The Pacific Coast Highway
A journal of our travels spreading God's word and joy while delighting in His gifts.
In February 2003 Jerry Savelle brought his Chariots of Light Christian Bikers Club to Voice for Jesus Church in Miami as part of the Chariots' first Florida tour. The sight of all those motorcycles parked outside our church was almost more than I could take.
Sylvia and I firmly believe in the Biblical principle of sowing and reaping. As we left for church a Sunday not long after the Chariots’ visit I told Sylvia that I wished I could sow motorcycles into people’s lives.
“So do it,” she said. “Just sow as much as you can to people who are praying for motorcycles.” The first $100 – all I could afford – went to a guy at church I knew was standing for a motorcycle. Then another $50 went to someone else. Then another $100. Now the die was cast. I started fixating on motorcycles, the way guys do when they are bitten by the new vehicle bug. I dreamed motorcycles. I talked motorcycles. I went to the end of the Internet looking at motorcycles. It began to seem to me (wishful thinking?) that God would use us and a motorcycle as a tool to show people how much He loves them.
“If that’s true then you better join Chariots right away,” Sylvia said. I scoffed. Join a motorcycle club without a motorcycle? She insisted. I joined Chariots of Light even though I had no chariot.
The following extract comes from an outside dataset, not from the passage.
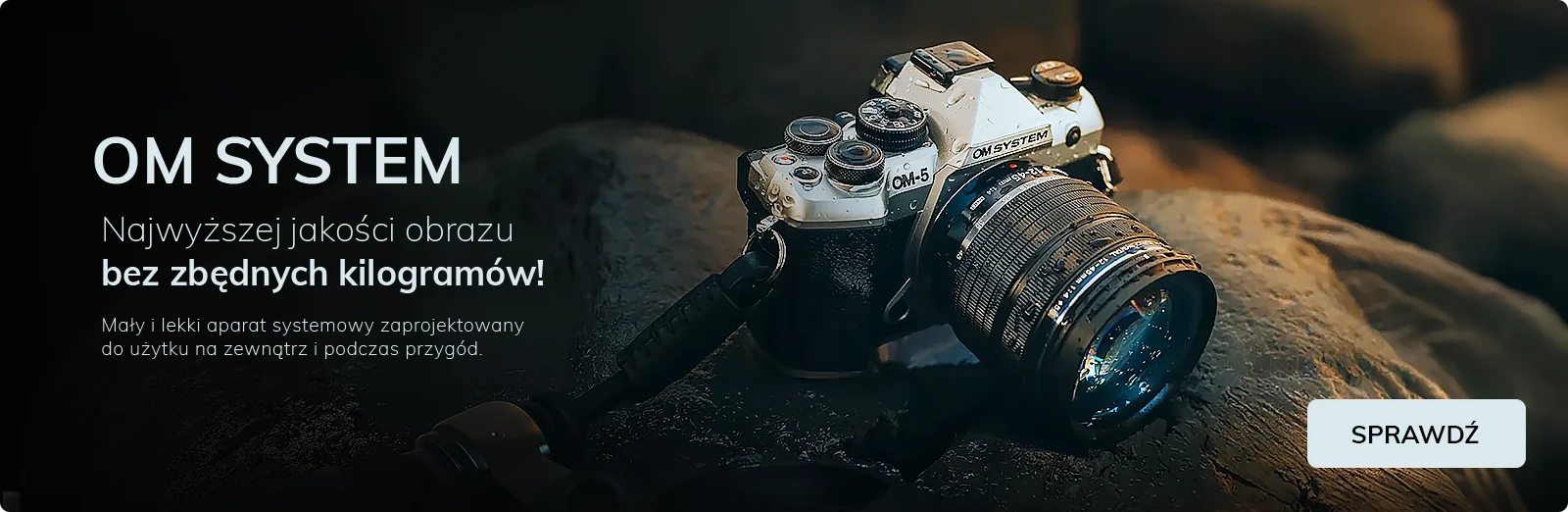 OM System Aparat Fotograficzny
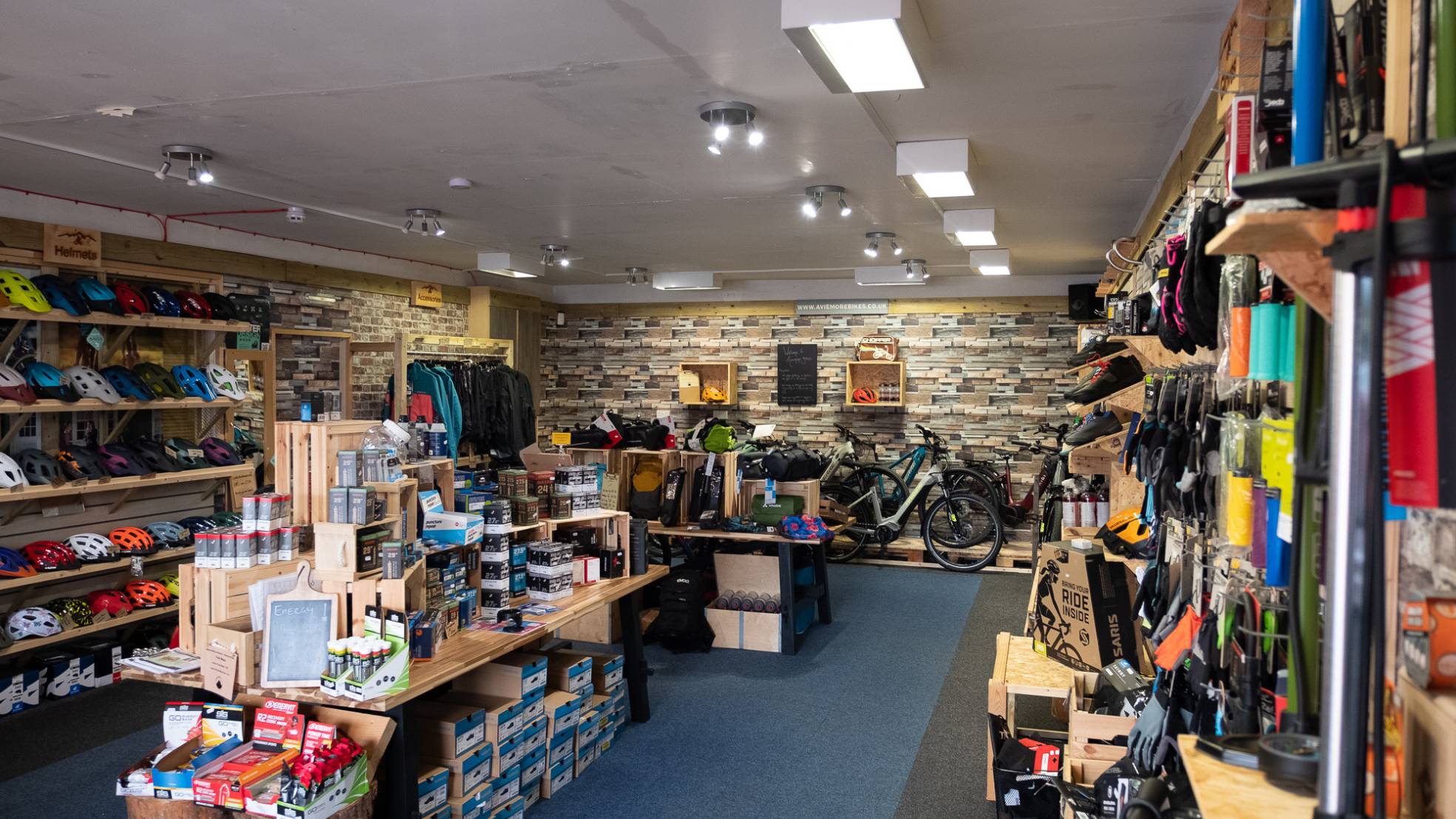 Bike shop Credit Andrew Leinster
Within days money started coming in from strange sources. Writing I had done months before brought some. New unexpected assignmnets brought some. I didn’t think much about it at first. But then I realized that this was unexplained money coming to us for some specific reason. It was God responding, the reaping that comes after the sowing. Within two months I could see in my mind’s eye a new bike sitting in my driveway. I drug Sylvia to every motorcycle shop in South Florida. She saw so many motorcycles she, too, decided to get her license. Now she is waiting for God to let her know if she will ride her own bike.
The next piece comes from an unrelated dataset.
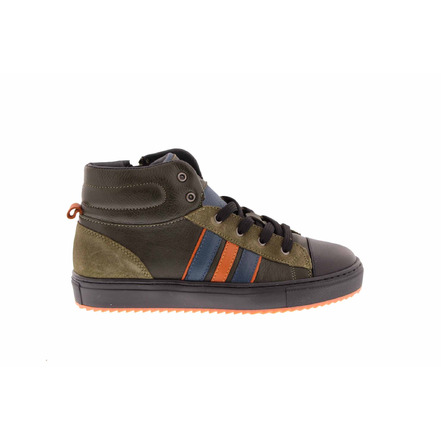 Little David chaussures hautes vert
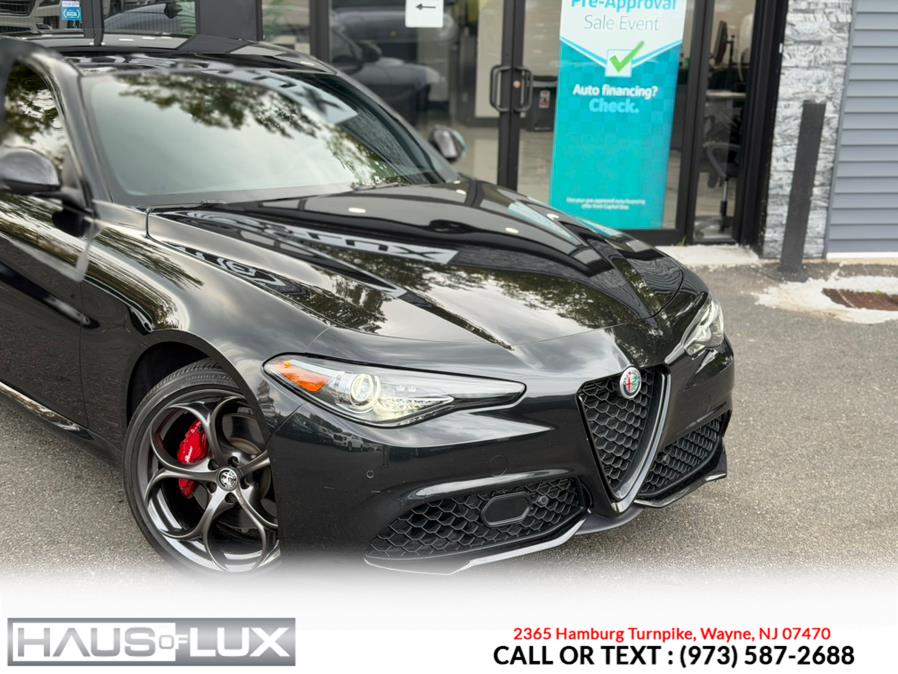 2021 Alfa Romeo Giulia Ti Sport AWD, available for sale in Wayne, New Jersey | Haus of Lux. Wayne, New Jersey 2021 Alfa Romeo Giulia Ti Sport AWD, available for sale in Wayne, New Jersey | Haus of Lux. Wayne, New Jersey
I bought my first bike for $50, a Simplex ServiCycle, in 1952 and rode other bikes many miles as a younger man. But I was an older guy now and it was probably not a good idea for guy 65 to start riding motorcycles. Could I still ride? There was only one safe way to find out. I enrolled in a Motorcycle Safety Foundation basic rider course. A paunchy grey haired guy among people half his age. Some young enough to be his grandchildren. But I did it. I could still ride. And that course got my motorcycle endorsement. The next day I tested a Gold Wing. What a huge bike! A week later I paid cash for a new 2003 GL1800 Gold Wing with ABS and $1,500 worth of accessories. Not a nickel came from our household budget. It was God's Gift.